Und was ist das Schönste für deine Kinder?

Meine Kinder lieben am meisten ihren Adventskalender. Den packt bei uns jedes Jahr die Omi, und er rankt sich in Form von 72 kleinen liebevoll gefüllten Säckchen unser ganzes Treppengeländer hoch. Ich bin total dankbar, dass meine Schwiegermutter sich darum stets so liebevoll kümmert – so kommen meine Kinder in den Genuss eines Kalenders wie im Bilderbuch, und ich habe damit keinen Stress.

Nach den Feiertagen steht bald das nächste fest an: Silvester. Wie feierst du am liebsten – im kleinen oder großen Kreis?

Das kommt immer auf unsere Familiensituation an: Als unsere Töchter klein waren haben wir oft einfach mit einer befreundeten Familie gemeinsam ganz ruhig und eben kleinkindkompatibel gefeiert, mit einem „Baby-Feuerwerk“ mit Knallerbsen und Wunderkerzen schon gegen 18 Uhr. In den vergangenen Jahren haben mein Mann und ich es aber auch genossen, unsere mittlerweile größeren Kinder den Silvesterabend mit ihren Großeltern verbringen zu lassen und selbst mal wieder auf eine richtige Party zu gehen und mit alten Freunden bis tief in die Nacht zu feiern.
In diesem Jahr werden wir aber wieder im kleinen Kreis feiern, bei uns zuhause und mit unseren Nachbarn und deren Kindern – schließlich ist unser jüngstes Baby erst ein halbes Jahr alt ... 

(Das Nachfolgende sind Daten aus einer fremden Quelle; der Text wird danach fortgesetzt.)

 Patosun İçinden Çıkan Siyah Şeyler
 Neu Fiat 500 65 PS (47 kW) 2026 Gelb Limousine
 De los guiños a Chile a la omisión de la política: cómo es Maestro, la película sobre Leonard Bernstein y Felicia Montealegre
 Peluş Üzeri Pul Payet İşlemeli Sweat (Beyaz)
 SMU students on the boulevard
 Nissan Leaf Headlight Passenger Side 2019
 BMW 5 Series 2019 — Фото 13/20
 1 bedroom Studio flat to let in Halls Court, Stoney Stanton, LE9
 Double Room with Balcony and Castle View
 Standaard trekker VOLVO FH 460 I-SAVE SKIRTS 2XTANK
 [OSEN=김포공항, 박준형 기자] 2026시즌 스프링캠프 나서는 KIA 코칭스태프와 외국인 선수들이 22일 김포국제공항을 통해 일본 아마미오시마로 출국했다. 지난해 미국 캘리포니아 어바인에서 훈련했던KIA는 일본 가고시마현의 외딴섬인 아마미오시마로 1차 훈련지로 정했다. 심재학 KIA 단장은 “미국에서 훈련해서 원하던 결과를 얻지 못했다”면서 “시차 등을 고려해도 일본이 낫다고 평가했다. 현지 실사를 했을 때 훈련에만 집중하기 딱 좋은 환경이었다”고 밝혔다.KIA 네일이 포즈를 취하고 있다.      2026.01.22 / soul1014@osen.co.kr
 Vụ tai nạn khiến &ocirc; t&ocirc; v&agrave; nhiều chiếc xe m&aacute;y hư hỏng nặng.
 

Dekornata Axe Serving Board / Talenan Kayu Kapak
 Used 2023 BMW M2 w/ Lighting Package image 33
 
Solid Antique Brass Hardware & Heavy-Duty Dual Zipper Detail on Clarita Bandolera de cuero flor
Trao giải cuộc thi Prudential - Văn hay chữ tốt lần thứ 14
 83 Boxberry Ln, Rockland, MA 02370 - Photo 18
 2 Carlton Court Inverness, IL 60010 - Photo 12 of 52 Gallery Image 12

Hast du schon neue Vorhaben, die auf dich im neuen Jahr warten und wenn ja, welche?

Nachdem ich nach der Geburt meines Sohnes zunächst mit dem Schreiben ganz pausiert habe, werde ich im neuen Jahr nach und nach wieder mit dem journalistischen Arbeiten anfangen. Themenideen habe ich viele – nur die Zeit, sie alle umzusetzen, ist gerade Mangelware. Dabei erlebe ich eine gewisse innere Zerrissenheit, die vermutlich viele Mütter kennen: einerseits würde ich gerne mehr Zeit zum Arbeiten haben, andererseits will ich nicht auf die kostbare Zeit mit meinen Kindern verzichten. Also versuche ich irgendwie, beides unter einen Hut zu kriegen, und schreibe vor allem, wenn meine Kinder unterwegs sind und das Baby schläft ...

Über welches Thema/Themenkomplex würdest du gern mal schreiben?

Oh, mir brennen noch so viele Themen auf der Seele. Aktuell steht bei mir etwa das Thema Geschwisterbeziehungen ganz hoch im Kurs, wie Eltern diese so unterstützen und begleiten können, dass die Bedürfnissen und Grenzen aller Kinder gewahrt bleiben. Aber auch das Thema selbstbestimmte Schwangerschaft und Geburt ist für mich gerade wieder sehr präsent. Und irgendwann möchte ich unbedingt noch ein Buch zu dem Thema schreiben, wie sich Feminismus und bedürfnisorientierte Elternschaft unter einen Hut bringen lassen – das ist so eine Art Lebensthema für mich.

Wenn du auf 2016 zurückblickst ist die Geburt eures dritten Kindes Jakob sicherlich eins der größten Ereignisse neben deinen drei Buchveröffentlichungen (Schlaf gut, Baby!, Das Geburtsbuch, Mein kompetentes Baby). Was hat sich verändert seid ihr nun drei Kinder habt?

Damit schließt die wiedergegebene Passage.